Top of DATA BLOCK
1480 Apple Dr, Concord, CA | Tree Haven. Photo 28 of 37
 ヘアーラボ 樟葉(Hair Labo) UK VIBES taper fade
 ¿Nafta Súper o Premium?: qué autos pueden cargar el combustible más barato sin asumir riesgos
Bottom of DATA BLOCK
**WHAT YOU HAVE TO DO:**
The complete listing must be printed again exactly as given.

**EXPECTED ANSWER:**
1480 Apple Dr, Concord, CA | Tree Haven. Photo 28 of 37
 ヘアーラボ 樟葉(Hair Labo) UK VIBES taper fade
 ¿Nafta Súper o Premium?: qué autos pueden cargar el combustible más barato sin asumir riesgos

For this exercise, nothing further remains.